(Collection entries)

/---

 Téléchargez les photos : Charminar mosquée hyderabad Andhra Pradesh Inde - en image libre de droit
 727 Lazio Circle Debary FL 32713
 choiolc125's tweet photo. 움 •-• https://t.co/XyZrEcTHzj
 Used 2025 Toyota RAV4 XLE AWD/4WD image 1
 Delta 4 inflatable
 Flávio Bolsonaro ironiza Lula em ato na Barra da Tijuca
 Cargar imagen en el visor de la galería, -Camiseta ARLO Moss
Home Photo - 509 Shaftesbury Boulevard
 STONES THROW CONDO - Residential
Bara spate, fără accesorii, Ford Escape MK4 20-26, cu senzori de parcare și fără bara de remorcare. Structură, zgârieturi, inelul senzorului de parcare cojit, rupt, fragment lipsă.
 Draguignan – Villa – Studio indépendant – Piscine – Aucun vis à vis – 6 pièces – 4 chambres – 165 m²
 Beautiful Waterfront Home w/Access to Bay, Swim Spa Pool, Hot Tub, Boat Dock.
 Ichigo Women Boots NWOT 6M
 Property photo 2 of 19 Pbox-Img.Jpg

\---

-- Description of the task --
Transcribe the records above exactly as they appear.

-- Response area --
 Téléchargez les photos : Charminar mosquée hyderabad Andhra Pradesh Inde - en image libre de droit
 727 Lazio Circle Debary FL 32713
 choiolc125's tweet photo. 움 •-• https://t.co/XyZrEcTHzj
 Used 2025 Toyota RAV4 XLE AWD/4WD image 1
 Delta 4 inflatable
 Flávio Bolsonaro ironiza Lula em ato na Barra da Tijuca
 Cargar imagen en el visor de la galería, -Camiseta ARLO Moss
Home Photo - 509 Shaftesbury Boulevard
 STONES THROW CONDO - Residential
Bara spate, fără accesorii, Ford Escape MK4 20-26, cu senzori de parcare și fără bara de remorcare. Structură, zgârieturi, inelul senzorului de parcare cojit, rupt, fragment lipsă.
 Draguignan – Villa – Studio indépendant – Piscine – Aucun vis à vis – 6 pièces – 4 chambres – 165 m²
 Beautiful Waterfront Home w/Access to Bay, Swim Spa Pool, Hot Tub, Boat Dock.
 Ichigo Women Boots NWOT 6M
 Property photo 2 of 19 Pbox-Img.Jpg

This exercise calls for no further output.